I would be prepared to work for a UK or EU Parliamentary delegation to Poland, I guess, if I could be useful in assisting with dialogue, perhaps in the technical area. I do after all have several academic degrees pertinent to the questions of Energy and Climate Change.

But in a room full of politicians and communications experts, I felt a little like a fished fish. Here, then, is a demonstration. I was talking with Rhys Williams, the Coordinator of PRASEG, and telling him I’d met the wonderful Professor Geoff Williams, of Durham Univeristy, who has put together a system of organic light emitting diode (LED) lighting and a 3-D printed control unit, and, and, and Rhys actually yawned. He couldn’t contain it, it just kind of spilled out. I told myself : “It’s not me. It’s the subject matter”, and I promptly forgave him. Proof, though, of the threshold for things technical amongst Westminster fixers and shakers.

Poland. I mean, I know James Delingpole has been to Poland, and I thought at the time he was possibly going to interfere with the political process on climate change, or drum up support for shale gas. But I’m a Zero Carbon kind of actor.
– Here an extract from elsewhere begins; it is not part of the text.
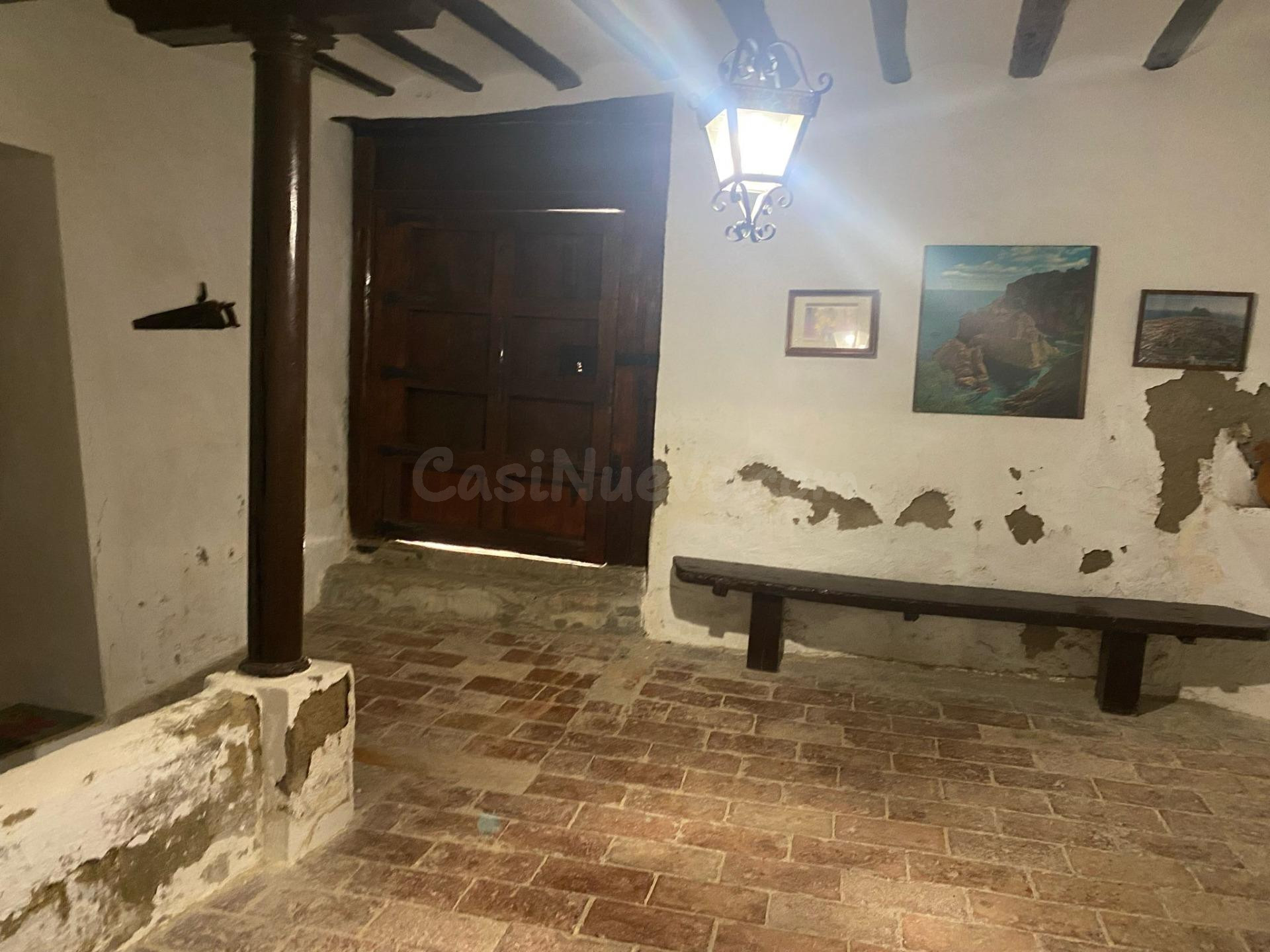 Casa señorial con jardín, garaje y vistas a la vega en Burbáguena (Teruel)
I don’t need to go far to start a dialogue with Poland by going to Poland – I have Poles living in my street, and I’m invited to all their barbecues. Maybe I should invite Professor Mayer Hillman to cycle over to Waltham Forest and address my near neighbours and their extended friendship circle on the importance of renewable energy and energy efficiency targets, and ask them to communicate with the folks back home with any form of influence.

Battle of the Lords

I don’t quite know what powers Lord Deben, John Gummer, but he looks remarkably wired on it. At this week’s PRASEG Annual Conference, he positively glowed with fervour and gumption. He regaled us with tales of debate in the House of Lords, the UK’s parliamentary “senior” chamber. He is a known climate change science adherent, and in speaking to PRASEG, he was preaching to the choir, but boy, did he give a bone-rattling homily !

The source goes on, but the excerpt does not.